Canadian diver Jennifer Abel who came in 4th today being interviewed by
Canadian Broadcasting Corporation. Jennifer won the Bronze Medal
in the 3-metre synchronised diving earlier this week. 

Chinese star diver Wu Minxia being interviewed by Chinese  TV .
She placed first today, and won the Gold in the 3-metre synchronised diving.
We were certainly sad to leave the Olympic Park, but next year the park will reopen as Queen Elizabeth Park with sports facilities available to the public and open space use. The athletes' accommodation tower blocks will be refitted with kitchens, reconfigured as flats, and sold off. Other housing blocks are already under construction. The huge Westfield Mall is in place. A huge transportation hub has been built connecting Underground, Overground, Docklands Light Rail, national rail lines, and even an International Eurostar station. If Stratford's regeneration is as successful as other recent efforts in London — Canary Wharf and Kings Cross for example — then the neighbourhood will become a major urban hub of Northeast London. In a perfect world, these projects would serve residents across the income spectrum, but that is always the rub in a world that is not perfect.

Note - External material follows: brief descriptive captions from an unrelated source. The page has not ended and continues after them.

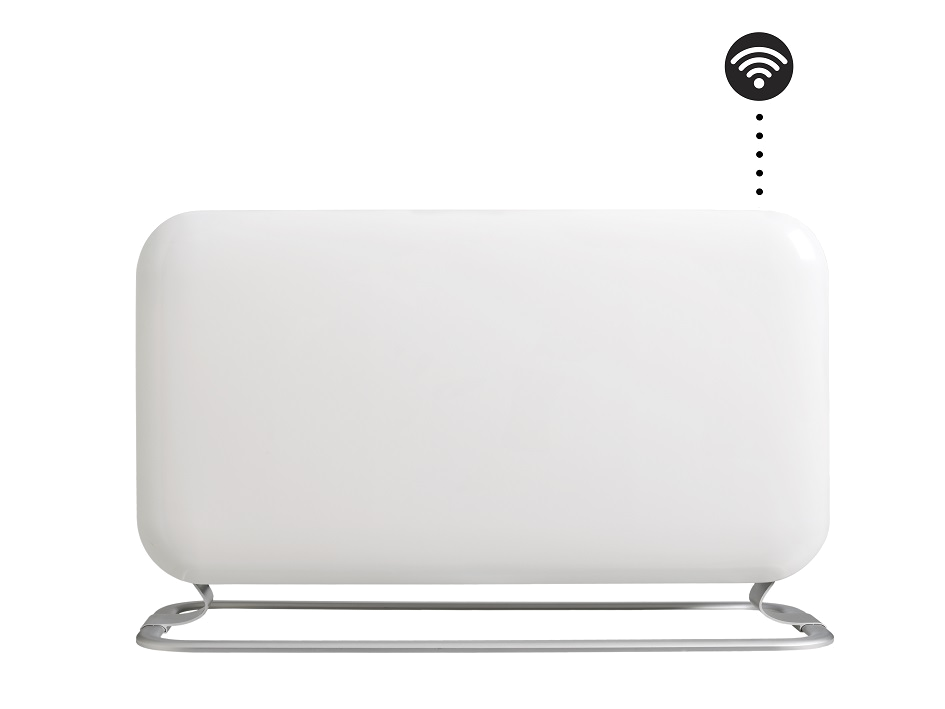 Mill Convection WiFi Heater Gen3 1200W White front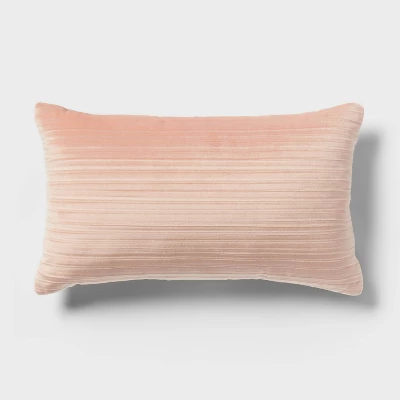 8pc Luxe Velvet Comforter Set Salmon Pink - Threshold™ 7 8pc Luxe Velvet Comforter Set Salmon Pink - Threshold™ - Image 7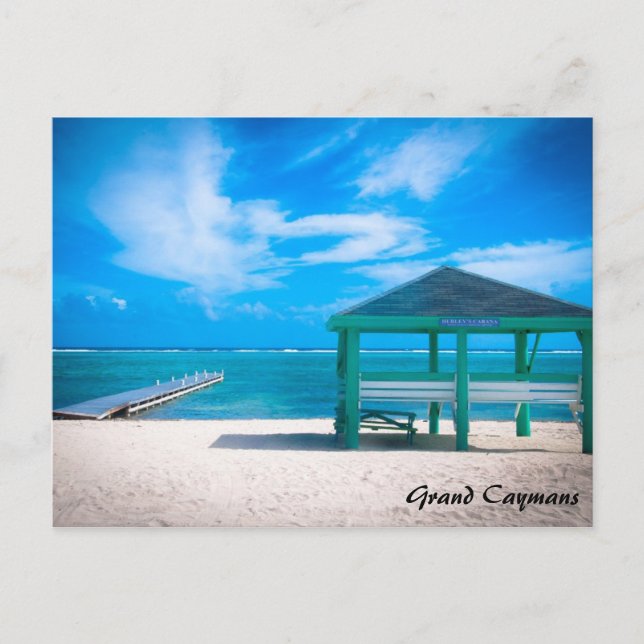 Postal Grand Cayman East Side (Anverso)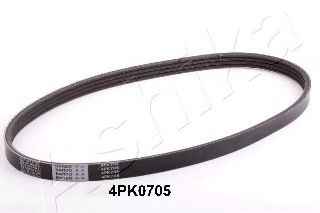 112-4PK705 ASHIKA V-Ribbed Belts
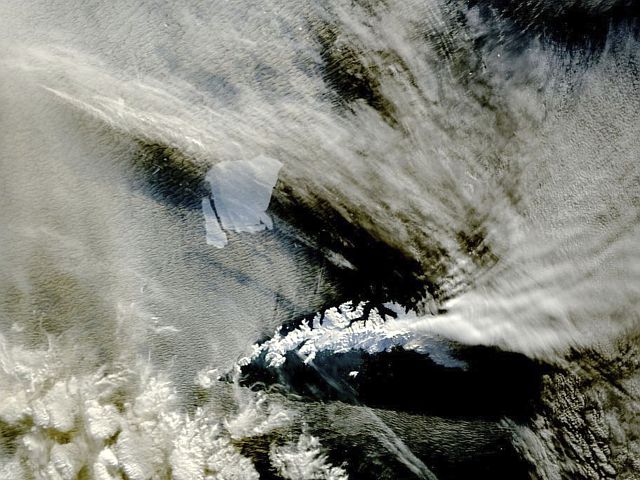 Самый большой айсберг в мире прекратил свое существование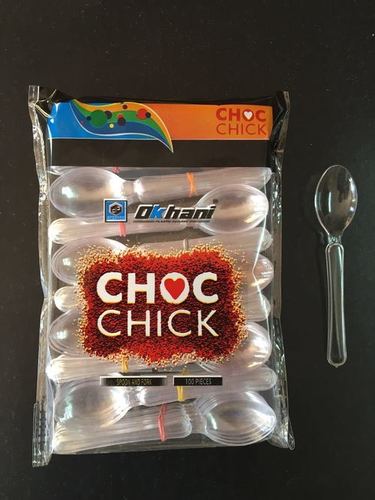 Light Weight Disposable Spoon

### Diving Update, Semifinal Results, Saturday, 4 August: Wu Minxia held onto 1st place, and Jennifer Abel remained in 4th place.
*** Diving Update, Final Results, Sunday, 5 August: Gold for Wu Minxia; Silver for He Zi of China; Bronze for Laura Sanchez Soto of Mexico

Our First View of the Olympic Park

Thursday, 2 August


Today was the day of our first visit to the Olympic Park with tickets for Handball this evening. Susan and Cato entered in the early afternoon, followed by a set of ecstatic Facebook messages from Susan, so when Bob and I entered later in the afternoon, I was primed and pumped. And wow, it is overwhelming. So overwhelming I forgot to take photos. When I took stock of what I had on my camera, most of the photos were of fields of wildflowers (spectacular) and of one building (the Velodrome). Oh well, I have one more chance tomorrow. The park is huge. It sweeps around in curves, and suddenly you look back and realise how far away from the entrance you are. The River Lea winds through the site with walkways verged by wildflower meadows.

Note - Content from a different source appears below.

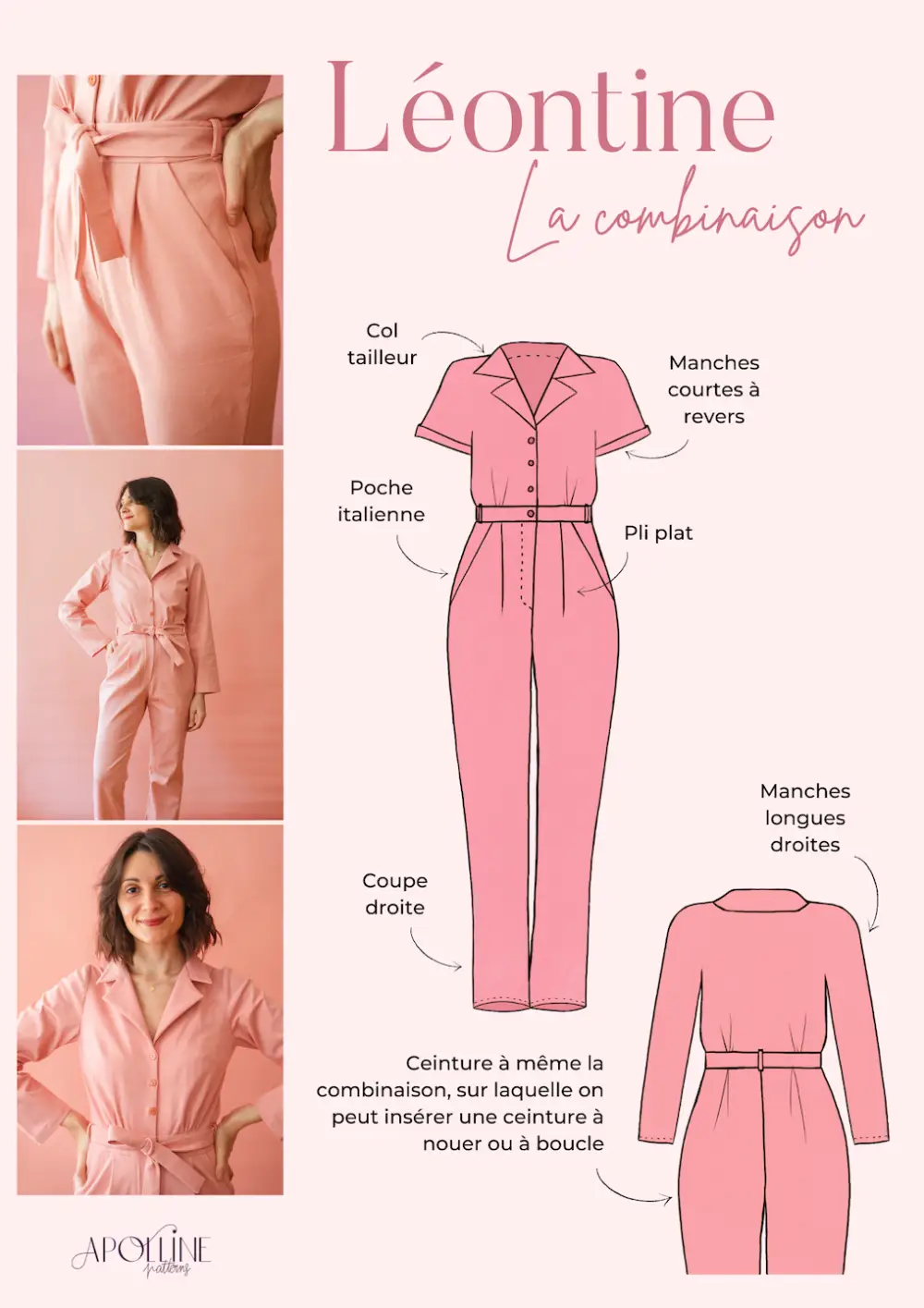 Lespace 63 | Apolline Patterns - Patrons de couture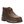 Load image into Gallery viewer, mid rise dark brown work boot with dark brown sole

Scenic walkways, wildflower gardens,
and the Olympic Stadium in the distant left.

Wildflower meadows were chosen as a Green Olympic measure.
The months of soaking rain have made them a spectacular choice.

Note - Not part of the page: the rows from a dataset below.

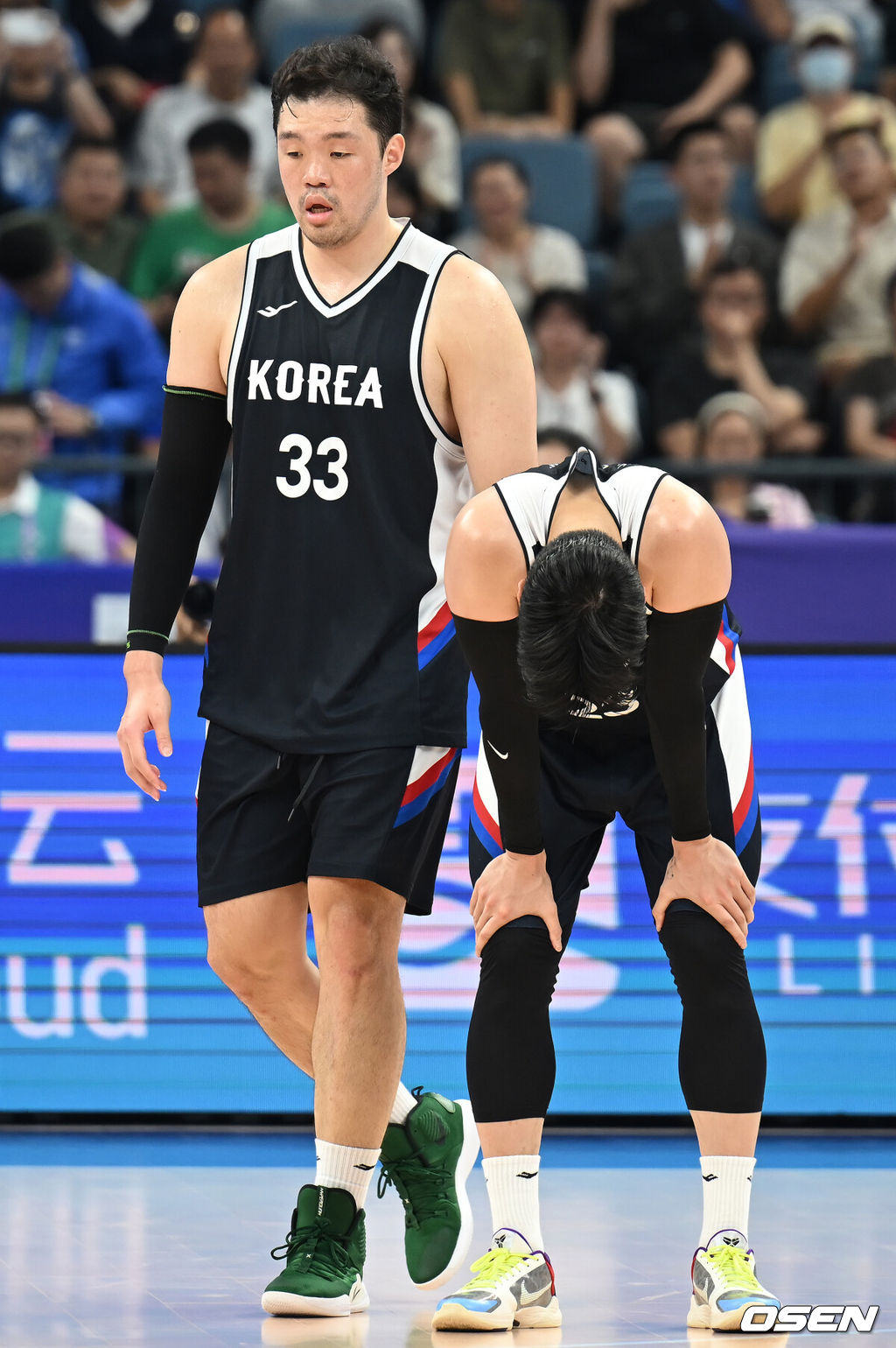亞에서도 안 통하는 韓 농구, 8강서 中에 완패...2006년 도하 이후 첫 노메달 항저우 참사 [오!쎈 항저우]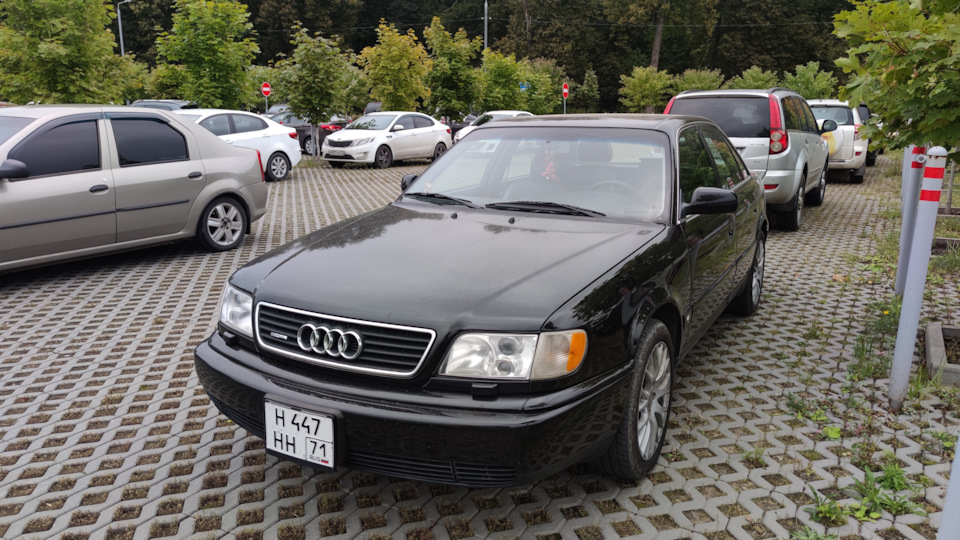 Фото в бортжурнале Audi A6 (C4)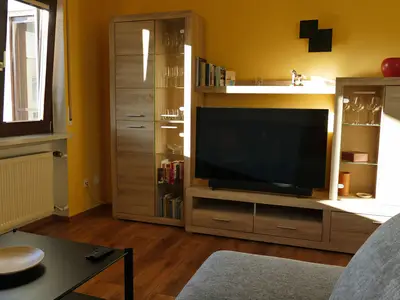 Wohnzimmer - Ferienwohnung Hirtenberg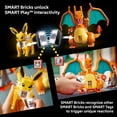 thumbnail image 6 of LEGO Pokémon SMART Play: Charizard vs. Jolteon Ultimate Battle - All-in-One Set with 2 SMART Bricks, 4 Tags, 2 Figures & Charger - Interactive Toy - Gift for Boys and Girls, Ages 8+ - 72167, 6 of 8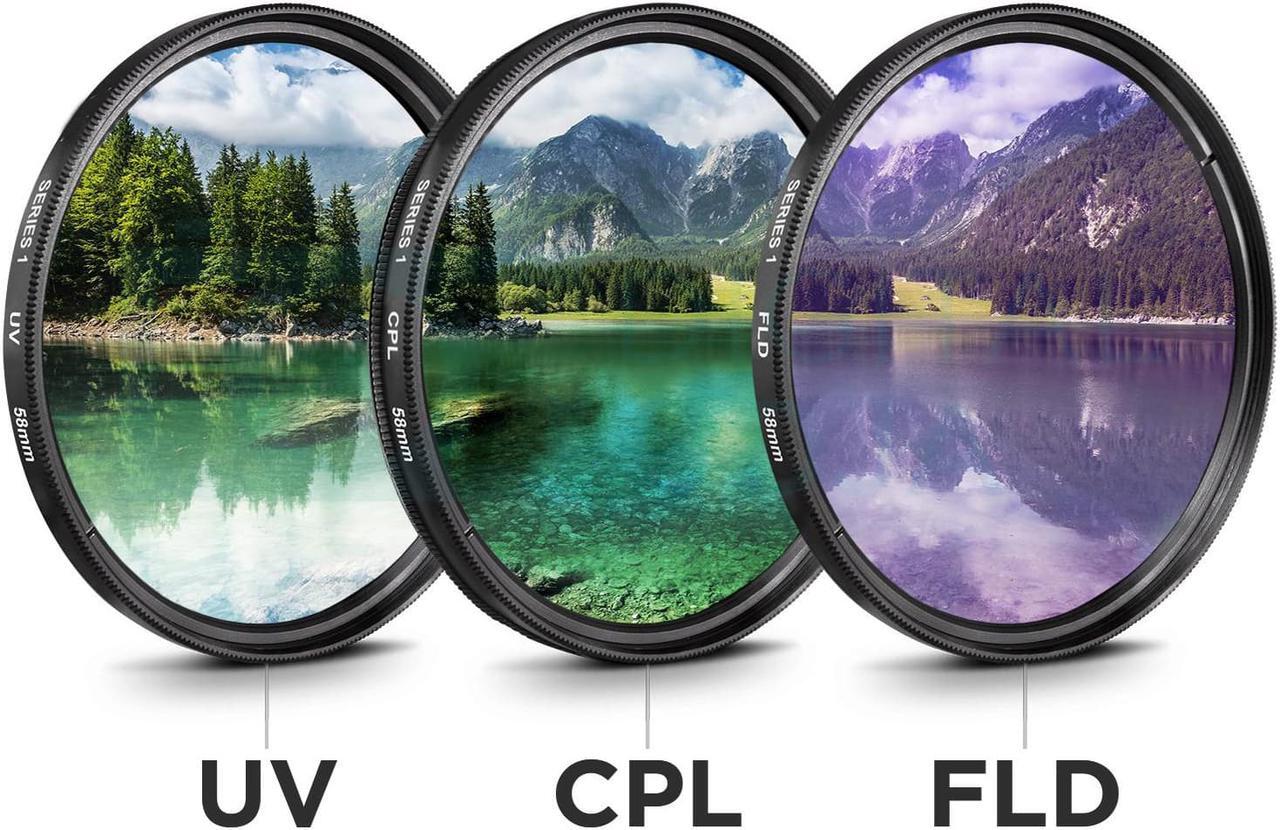 Alt view image 2 of 2 - Canon EF-S 60mm f/2.8 Macro USM Lens (0284B002) Lens with Bundle includes 3pc Filter Kit  + Lens Pouch + More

The Velodrome in the back, and the little egg in front is a bandshell for entertainment

The Basketball Stadium
The world's largest McDonalds. Griping in the press led us to believe it was the only food venue available.
In fact there was a very good food kiosk area where we had an excellent dinner of
stir fried prawns served at a very reasonable price.
Nevertheless the only beer available is Heineken. Sigh. 

Our sporting event was a Men's Handball Preliminary. Like Beach Volleyball, a sport I have no familiarity with. Susan pointed out it was much like basketball with a football goal and lots of physical pushing and grabbing. The first match was Denmark and Serbia, with lots and lots of Danish support in the seats. Denmark won narrowly, but the game wasn't very exciting. The second match between Sweden and Iceland was much more interesting. They were both very fast and aggressive, with the lead passing back and forth regularly. Iceland clocked up a few extra points near the end of the game, but Sweden came roaring back, and nearly tied it up, but Iceland was still ahead by one point when the clock ran out.

A beautiful breezy evening greeted us as we left the Park at 11 pm.

Yes, that is a full moon adding an extra light in the sky
The BBC still at work in their media centre

The BBC interview/commentary studio. Can you see the Olympic Flame on the screen to the left.
There is a controversy over leaving the Torch inside the Stadium so only visitors with tickets to
Stadium events can see the legendary Flower Petal Torch.

Wednesday, August 1, 2012

Bouncy Stonehenge Comes to Hampstead!

Wednesday, 1 August

There has to be a day to do laundry, keep up with the dishwashing, evaluate the food stocks, and even make supper. But this is the Cultural Olympics, so today the fun came to Hampstead Heath.